Authored by Jörg Guido Hülsmann via The Mises Institute,

The abject practical failure of the Marxist revolutionaries in the post-WWI period had done much harm to their image as the vanguard of social progress.

The explanation for this failure in the writings of Mises, Max Weber, and Boris Brutzkus had led many economists to revise their views about the suitable scope of government within society. But others remained unrepentant advocates of the total state. They merely rejected the specifically egalitarian agenda of the socialists.

The uncontested leader of this group was Werner Sombart, the greatest star among the interwar economists in Germany. Sombart had started his career popularizing Marxism in academic circles with his 1896 book Sozialismus und soziale Bewegung im 19. Jahrhundert (Socialism and Social Action in the Nineteenth Century). Later editions testified to Sombart’s increasing estrangement with his initial Marxist ideals. The tenth edition, which appeared under a new title in 1924, featured an outright demolition of Marxist socialism. Sombart had turned back to the mainstream Schmollerite socialism, which advocated the total state without an egalitarian agenda.

Sombart’s intellectual qualities had gained him a place of preeminence. Where most Marxist intellectuals held dogmatically to the tenets of Marx and Engels, Sombart sought to analyze and develop their doctrines with a critical mind in quest of objectivity. This made his work the perfect target for a thorough criticism of the intellectual current of anti-Marxist socialism, and Mises provided such a criticism in an article with the title “Antimarxismus” (Anti-Marxism).

Already in his article on price controls, Mises had pointed out that the shortcomings of interventionism did not result from the egalitarian agenda that some governments pursued, but from the very nature of government intervention itself, namely, the infringement of private property rights. Socialism and interventionism were destructive economic systems whether explicitly egalitarian or not. They would be unsuitable forms of social organization even if they pursued some other ideal of distribution—even meritocracy. There might be certain superficial similarities between a free society and a non-egalitarian one controlled by a total state, but these two would still be essentially different:

On the surface the social ideal of etatism does not differ from the social order of capitalism. Etatism does not seek to overthrow the traditional legal order and formally convert all private property in production to public property… But in substance all enterprises are to become government operations. Under this practice, the owners will keep their names and trademarks on the property and the right to an “appropriate” income or one “befitting their ranks.” Every business becomes an office and every occupation a civil service. … Prices are set by government, and government determines what is to be produced, how it is to be produced, and in what quantities. There is no speculation, no “extraordinary” profits, no losses. There is no innovation, except for that ordered by government. Government guides and supervises everything.

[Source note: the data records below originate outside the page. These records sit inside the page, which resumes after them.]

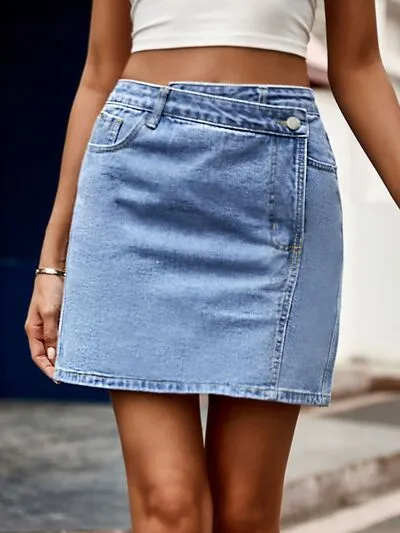 DenimVibe Pocketed Skirt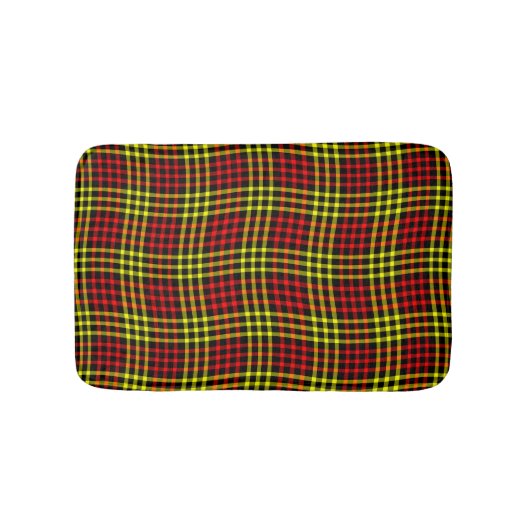 Red Yellow Plaid Checker Seamless Pattern バスマット (正面)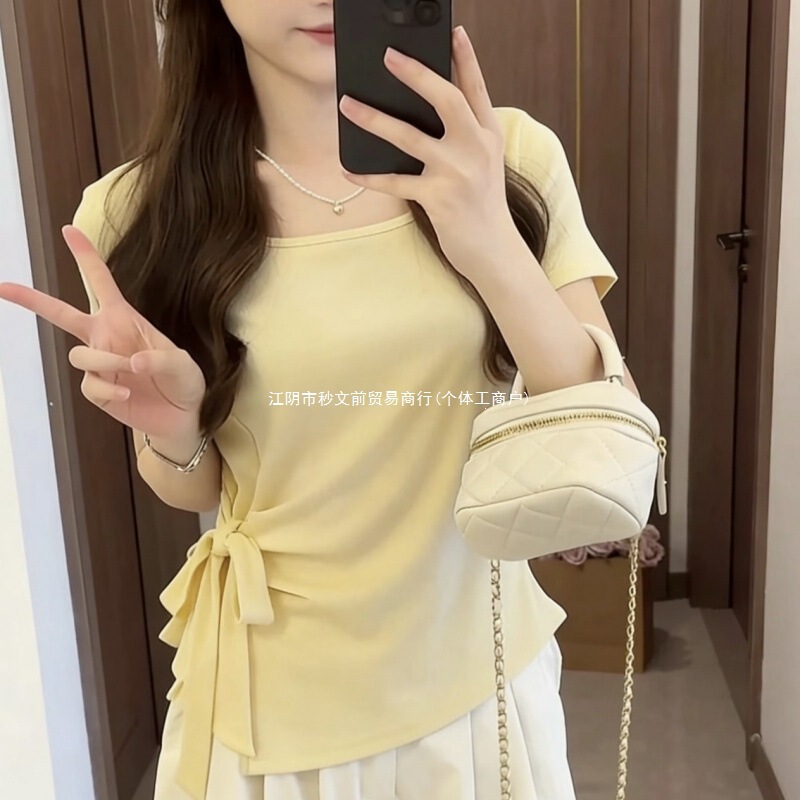 2026 New Summer Style Strappy Short-Sleeved Shirt for Women with Irregular Design and Slimming Short Top in Sea Salt Blue 2026 New Summer Style Strappy Short-Sleeved Shirt for Women with Irregular Design and Slimming Short Top in Sea Salt Blue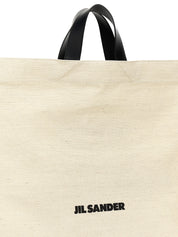 Jil Sander White/Black Jute Tote Bag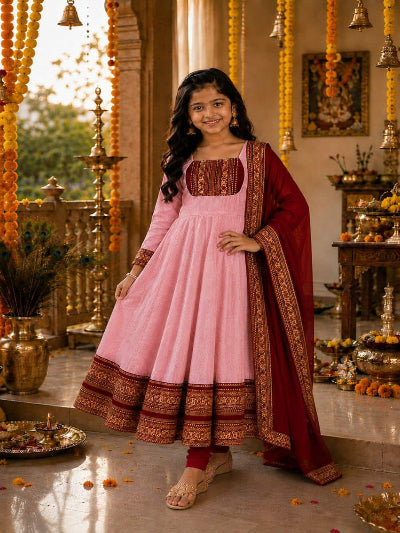 Kids South Indian Jacquard Anarkali Dupatta Set Of 2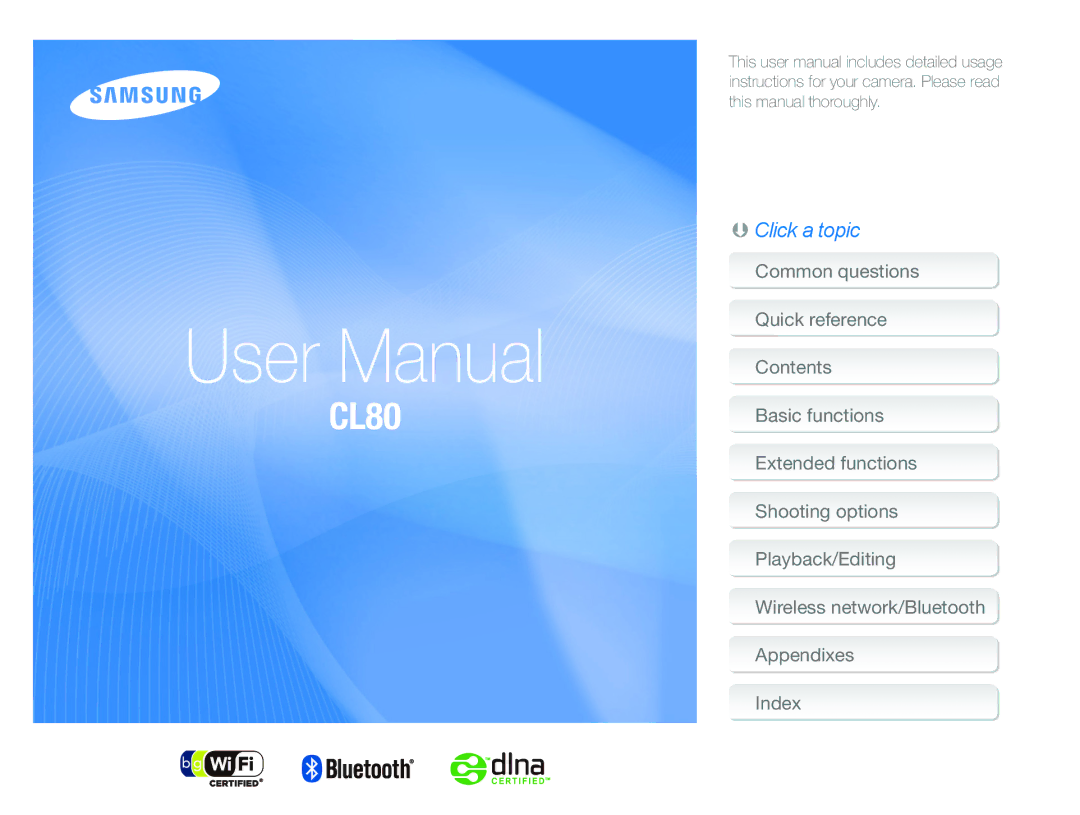 Samsung CL80 user manual 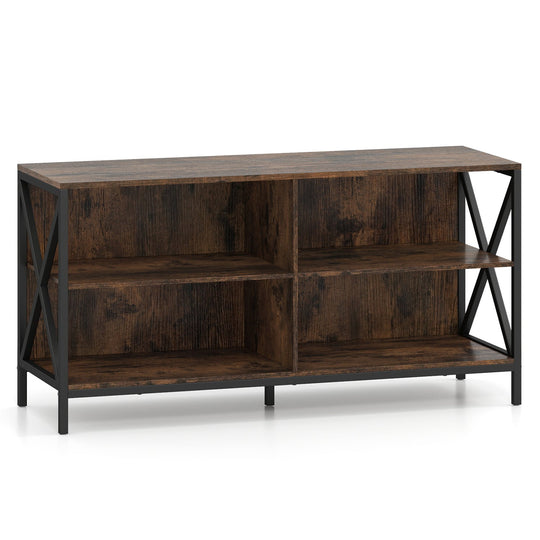 Wooden TV Stand Entertainment for TVs up to 55 Inch with X-Shaped Frame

Mises showed that the error in the idea of the omnipotent state has nothing to do with the state’s particular agenda. The government is not omnipotent if its goal is to improve “collective life” (as opposed to that of mere aggregates of individuals). But neither is it omnipotent if it seeks to enhance the welfare of the totality of individual citizens. In both cases, government intervention is counterproductive. It follows that the time-honored and seemingly significant distinction between individualism and collectivism is of only secondary importance. The primary distinction is between policies that work and policies that do not work, which leads in turn to the distinction between a social order based on private property (which works) and those social orders that depend on infringements of private property rights (and do not work). It is therefore beside the point whether individuals or collectives run the economy—provided only that the property rights of all individual members of the collectives are preserved. It also follows that the size of the firm is of no importance. As long as private property is respected, the buying decisions of the consumers reward only those companies that offer the best products. If these companies are larger than others, so be it.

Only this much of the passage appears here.